Summer camps have also been cancelled and residents are flocking to libraries, malls pools and anywhere else that might have power – and air conditioning – to keep cool.
“If you need to charge your phone or you need Internet or anything, you show up here and it’s literally a madhouse,” Jacqueline Hirsch told CNN affiliate WJLA-TV.
The Bethesda, Maryland, resident ran to the local library, only to find hundreds of others with the same idea.
The National Weather Service issued extreme heat warnings were Tuesday for portions of Illinois, Indiana, Missouri, Kentucky, Ohio and Michigan, saying those areas would be hit with temperatures near or above triple digits on the 4th.
Similar warnings were already in place for a handful of states, including parts of Nebraska, South Dakota, Wisconsin, Minnesota and Iowa.

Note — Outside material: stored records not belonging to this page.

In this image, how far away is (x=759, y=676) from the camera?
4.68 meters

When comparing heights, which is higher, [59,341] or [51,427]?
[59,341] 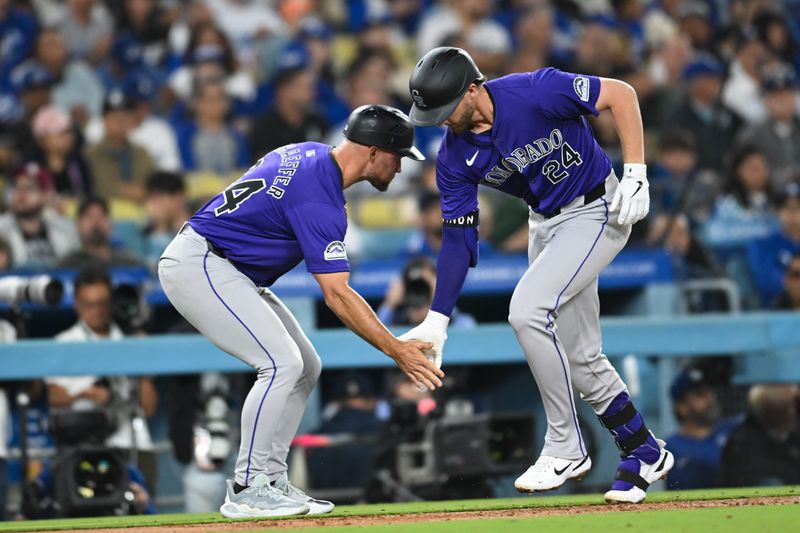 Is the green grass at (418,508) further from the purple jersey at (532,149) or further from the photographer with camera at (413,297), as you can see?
the photographer with camera at (413,297)

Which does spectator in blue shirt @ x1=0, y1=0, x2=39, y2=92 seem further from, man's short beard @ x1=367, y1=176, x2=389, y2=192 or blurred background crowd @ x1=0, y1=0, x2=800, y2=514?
man's short beard @ x1=367, y1=176, x2=389, y2=192

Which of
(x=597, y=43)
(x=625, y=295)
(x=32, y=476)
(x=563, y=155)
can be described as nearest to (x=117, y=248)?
(x=32, y=476)

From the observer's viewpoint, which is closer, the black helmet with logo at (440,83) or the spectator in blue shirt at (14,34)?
the black helmet with logo at (440,83)

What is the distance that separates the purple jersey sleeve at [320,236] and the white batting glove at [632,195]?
108 cm

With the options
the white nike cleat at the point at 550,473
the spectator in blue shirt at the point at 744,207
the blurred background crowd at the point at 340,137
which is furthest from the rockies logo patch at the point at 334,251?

American Electric Power Co Inc of Ohio said Tuesday morning that crews were working to restore power to 357,000 customers in Virginia and West Virginia; 298,000 in Ohio; 32,000 in Indiana; and 14,000 in Kentucky.
FirstEnergy Corp of Ohio said it had 216,000 customers out in its five-state service area of Ohio, Pennsylvania, West Virginia, Maryland and New Jersey. That was down from about the initial 566,000 affected by the storms.
Illinois-based Exelon Corp said its Baltimore Gas & Electric (BG&E) unit in Maryland had about 170,000 customers out, down from about 600,000 homes and businesses affected.
Virginia power company Dominion Resources Inc said it still had more than 170,000 customers without electricity in its Virginia and North Carolina service areas.
Washington, D.C.-based Pepco Holdings Inc said it had more than 116,000 customers without power in the District of Columbia and Maryland and more than 69,000 out in New Jersey.